A mulher em Chico
Não é uma questão de inspiração ou fonte de conteúdo. Cada mulher contém em si uma percepção única que foge das páginas das revistas ou jornais. Sim: pode ser fruto de revistas e jornais, mas chora algo muito maior do que o superficial das notícias periódicas. É periódico, cotidiano: é algo demorado, precioso, cuja validade não está no que se vê, mas no que sente.
Se cada mulher é um universo a ser explorado, qual seria o melhor método de exploração? Talvez deixar o romantismo de lado e observar aquilo que queima que demora a deglutir, que impele o choro e versa gotas de uma realidade que não queria ser. Uma realidade que, mesmo escrita, não quer ser. Quem já não se enganou nos versos de Chico, versando frases e explorando metáforas que descortinam algo tão evidente e tão imperceptível?
Dessa forma, a partir de uma valorização da mulher através dos olhos de um homem que sabe se colocar como promotor e promovido dentro do contexto exploratório feminino é que o autor consegue emendar pontos reveladores da vida cotidiana em uma trama de versos.
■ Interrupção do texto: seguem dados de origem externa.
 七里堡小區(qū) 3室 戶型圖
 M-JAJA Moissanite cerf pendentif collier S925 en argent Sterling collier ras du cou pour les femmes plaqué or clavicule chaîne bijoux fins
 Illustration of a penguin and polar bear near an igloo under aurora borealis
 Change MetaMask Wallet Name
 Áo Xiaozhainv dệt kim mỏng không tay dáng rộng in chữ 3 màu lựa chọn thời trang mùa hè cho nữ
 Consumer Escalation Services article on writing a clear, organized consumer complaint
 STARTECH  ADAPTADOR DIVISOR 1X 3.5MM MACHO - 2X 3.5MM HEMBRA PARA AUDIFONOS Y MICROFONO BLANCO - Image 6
Pois, da quantidade de mulheres escritas por Chico Buarque, me ocorreu de falar justo dessa, a mãe do guri. Olha aí. Ressalva: é muito difícil escolher. Se tratando de mulheres, muito mais difícil: observe a quantidade de características diferentes em cada universo; tantos motivos que riem tantos motivos que choram: nunca os mesmos. É muito difícil. Tal dificuldade se transfere também para as mulheres Holandesas. Gente, a sem açúcar, o vi oleira, a que faz tudo sempre igual, as gregas, as noiva do caubói, ou mesmo as outras três. Muito difícil. Prefiro me abster da responsabilidade e ficar com a mãe. A mãe deve ser sempre a primeira opção. Nesse caso, também.
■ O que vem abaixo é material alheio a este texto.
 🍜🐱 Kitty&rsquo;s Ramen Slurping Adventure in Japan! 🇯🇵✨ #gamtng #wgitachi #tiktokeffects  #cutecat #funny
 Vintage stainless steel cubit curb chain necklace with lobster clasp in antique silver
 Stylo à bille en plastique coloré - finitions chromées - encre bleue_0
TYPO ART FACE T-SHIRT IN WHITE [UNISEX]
Das estrofes de “meu guri”, emerge a história de uma mulher marginalizada que vê no acaso do filho que nasce sem querer, a oportunidade de ir pra “lá”, de conseguir uma condição melhor de vida. Uma mulher perdida no constrangimento de empilhar todas as fichas na vida exterior de um filho rebentado é surpreendida por um caso de sucesso (“e ele chega”). Uma mulher confundida por um suor de trabalho que é de fuga da polícia; que mal supõe o responsável pela onda de assalto estar um horror. Uma mulher inocente, que confunde a morte do filho com um momento de um menino lindo de papo pro ar. Que enxerga nas manchetes do jornal um alvoroço extremo pra tão pouco caso. Isso é demais, seu moço. Afinal, ele disse que chegava lá. Não disse? É tão óbvio.
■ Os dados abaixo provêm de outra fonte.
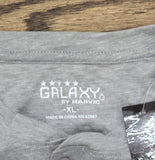 Galaxy By Harvic Mens Slim Fitting Short Sleeve Henley Slub Tee Gray XL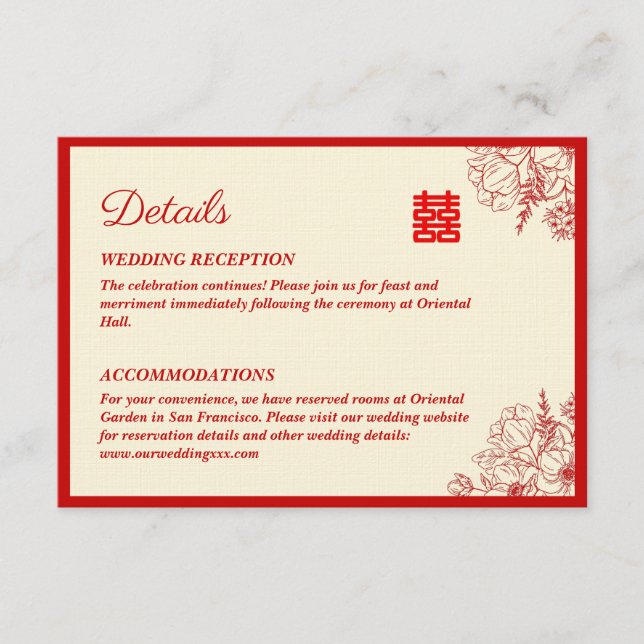 Chinese wedding red beige floral oriental enclosure card (Front)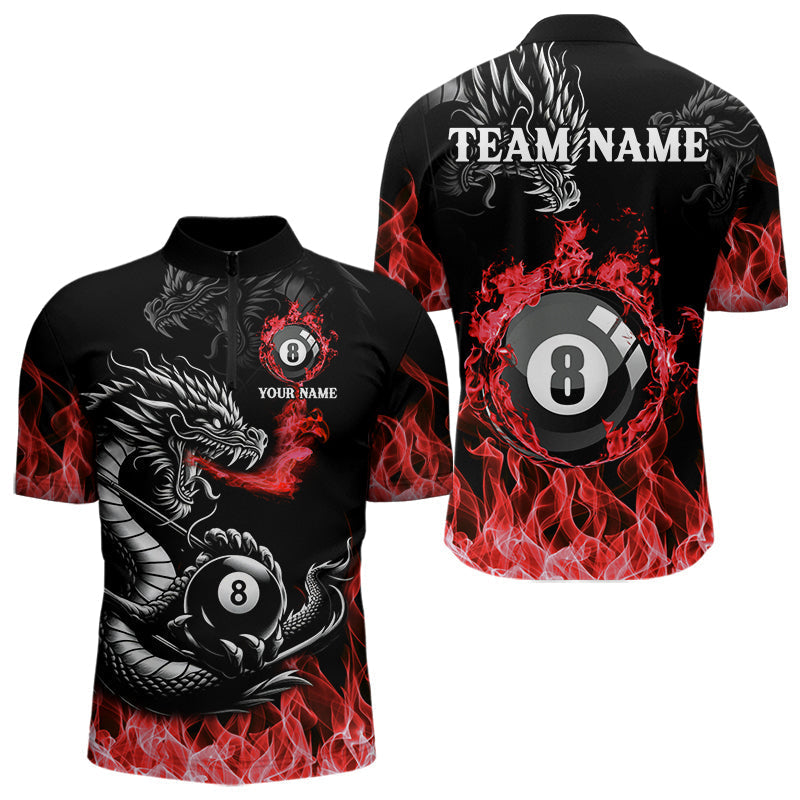Blisscorners Personalized Red Flaming Dragon 8 Ball Billiard Shirts For Men Custom Team League Billiard JerseysLM2206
Essa não é uma mãe de uma propaganda de fraldas, certo? De fato, não é. É uma mãe. Mãe normal. É um Chico. É uma mulher que chora que sente que corta e sangra. As mulheres passam por Chico Buarque como se fossem uma brisa. Dá pra ver a arquitetura na composição das frases, mas dá pra notar que as mulheres não são frutos de pensamentos. São sentimentos. Finalmente, os versos sentem como sentem as mulheres.